WORK ITEM: What you give back from the listing below should be an exact copy of the lines from the one with "29652 N 225th" down to the one with "Alina Rai - ¡Por", and it should contain no pictures.

INPUT DATA:
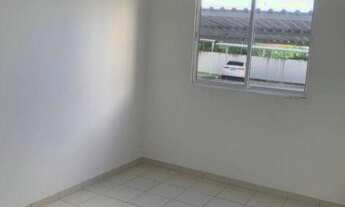 Imagem 6: ! Encantos do Bosque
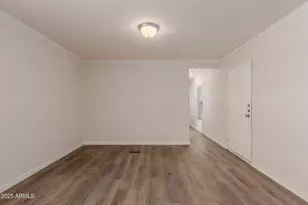 29652 N 225th Ave, Wittmann, AZ 85361 - Photo 12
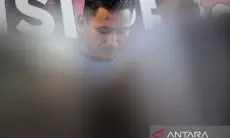 Besok, Polisi Limpahkan Berkas Kasus Vina ke Kejaksaan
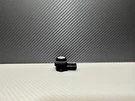 Bmw G30 530I 540I Alpina B7 G12 750I 750LI Oem Park Sensor Ultrasonic. Fixed Price $45.00.
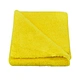 Microfiber Polishing Buffing Waxing Coral Fleece Towel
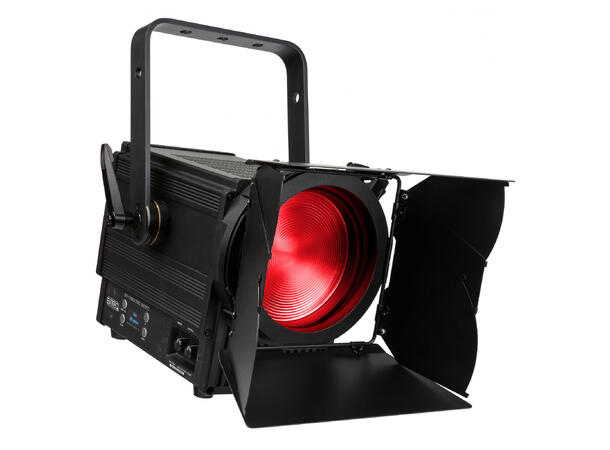 BRITEQ BT-THEATRE 261FC Fresnel - Bilde 7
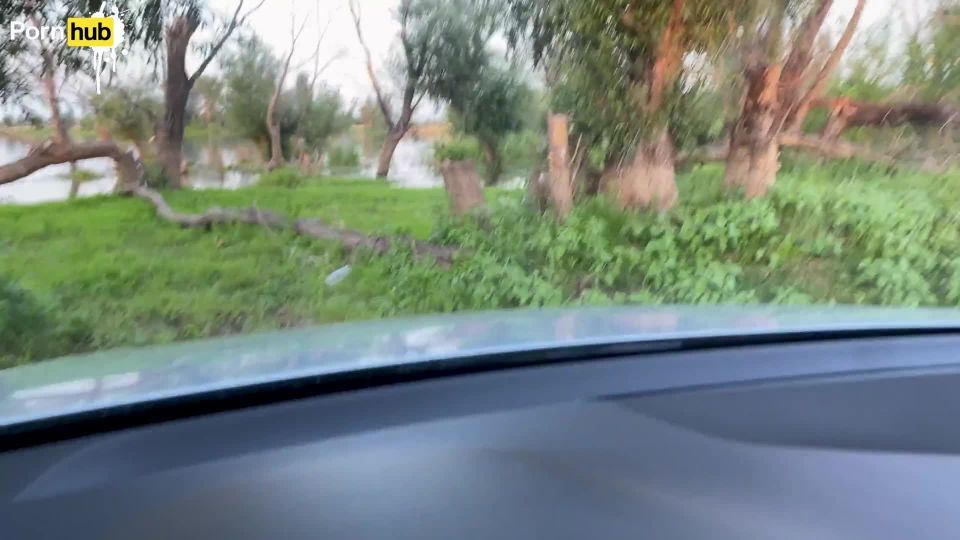 Alina Rai - ¡Por favor, jóven! Stepson follaba a una joven madrastra después de su cuarrel con su padre - [PornHub] (FullHD 1080p), fetiche cornudo en la femdom porno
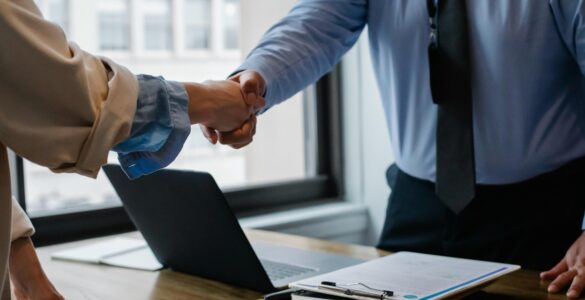 Atlantar integra inteligência para impulsionar o crescimento digital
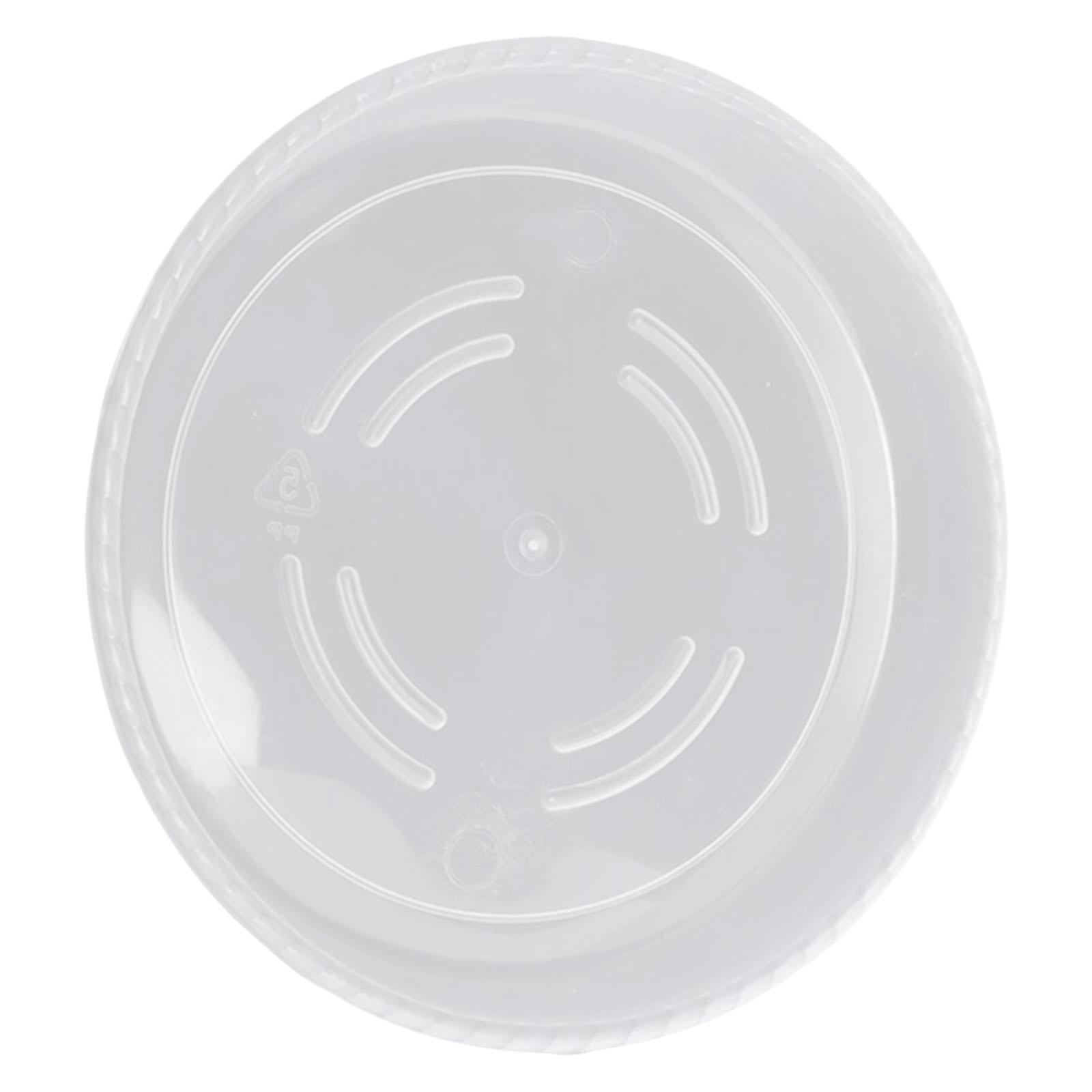 

Прозрачные пластиковые поддоны для растений 9/10,5 дюйма Сверхпрочные поддоны для сбора капель для комнатных растений Поддон для воды для горшков 240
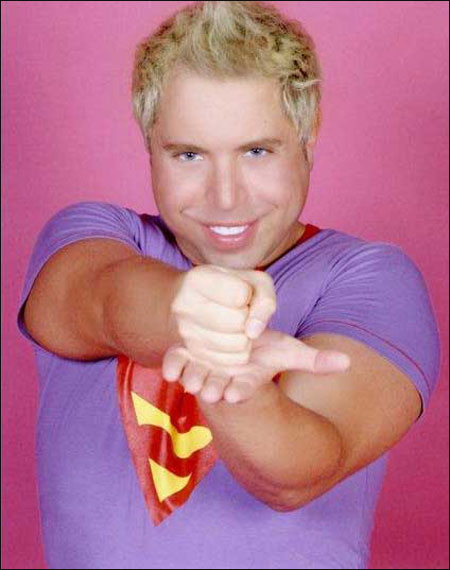 ايلي باسيل يفقد هاتفه الخلوي الذي يحوي فضائح لفنانين وسياسيين صورة رقم 6 ايلي باسيل يفقد هاتفه الخلوي الذي يحوي فضائح لفنانين وسياسيين صورة رقم 6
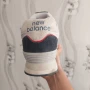  маратонки New Balance 574 номер 46 ,5, снимка 16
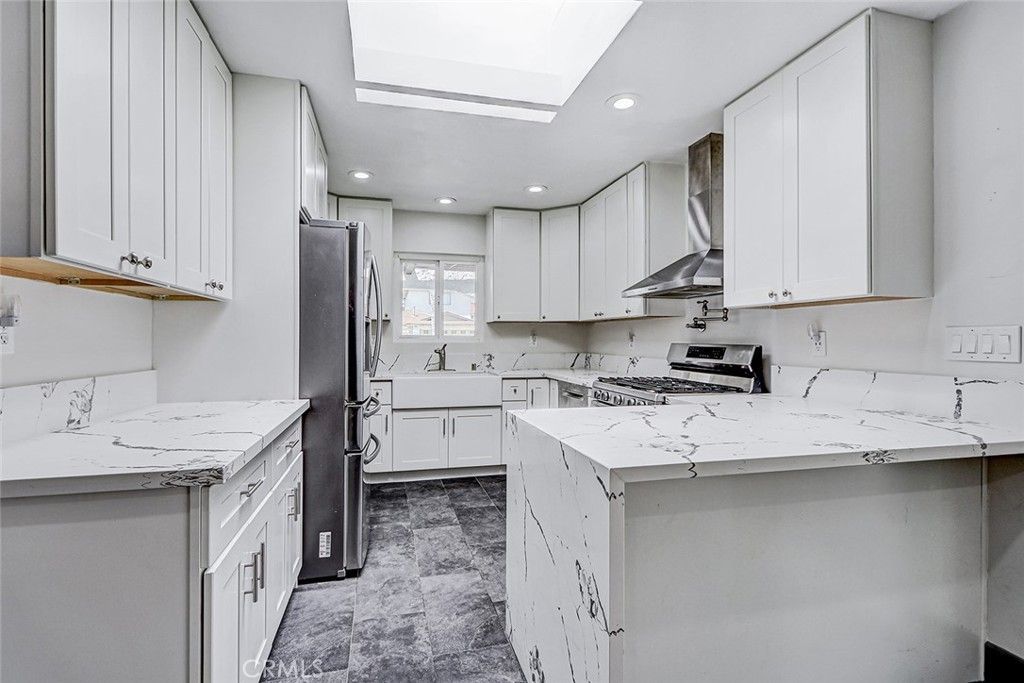 15232 Purdy, Westminster, CA 92683 Main Photo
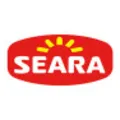 Logo Seara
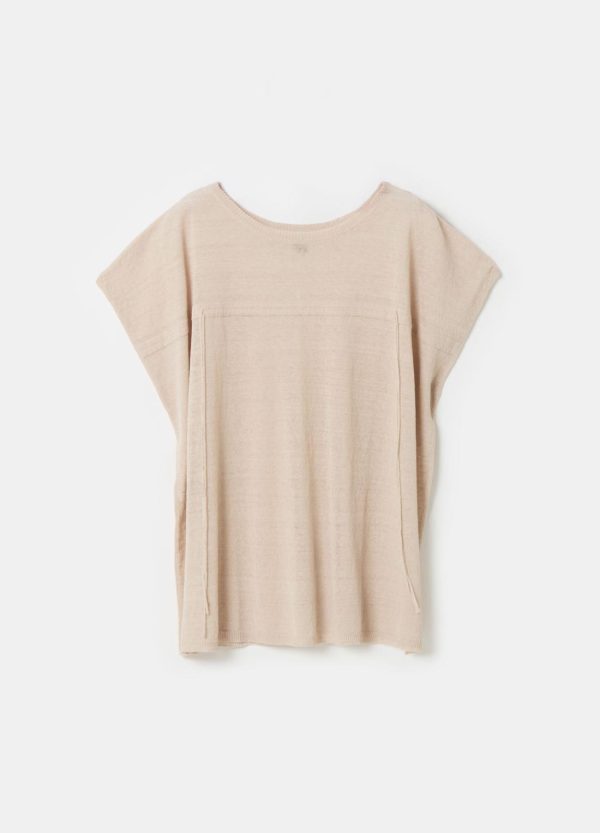 Zerosolano.shop926a748f4e 5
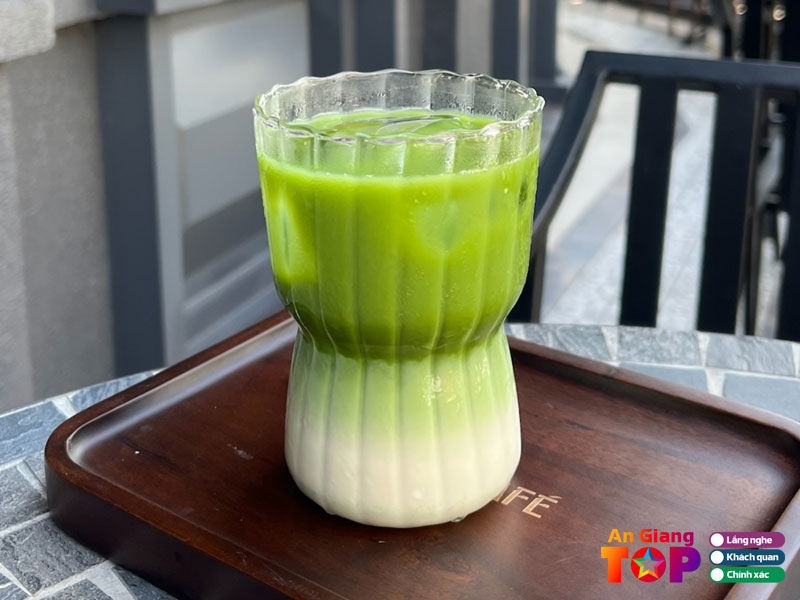 Cara-de-cafe-angiangtoplist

EXERCISE RESULT:
 29652 N 225th Ave, Wittmann, AZ 85361 - Photo 12
 Besok, Polisi Limpahkan Berkas Kasus Vina ke Kejaksaan
 Bmw G30 530I 540I Alpina B7 G12 750I 750LI Oem Park Sensor Ultrasonic. Fixed Price $45.00.
 Microfiber Polishing Buffing Waxing Coral Fleece Towel
 BRITEQ BT-THEATRE 261FC Fresnel - Bilde 7
 Alina Rai - ¡Por favor, jóven! Stepson follaba a una joven madrastra después de su cuarrel con su padre - [PornHub] (FullHD 1080p), fetiche cornudo en la femdom porno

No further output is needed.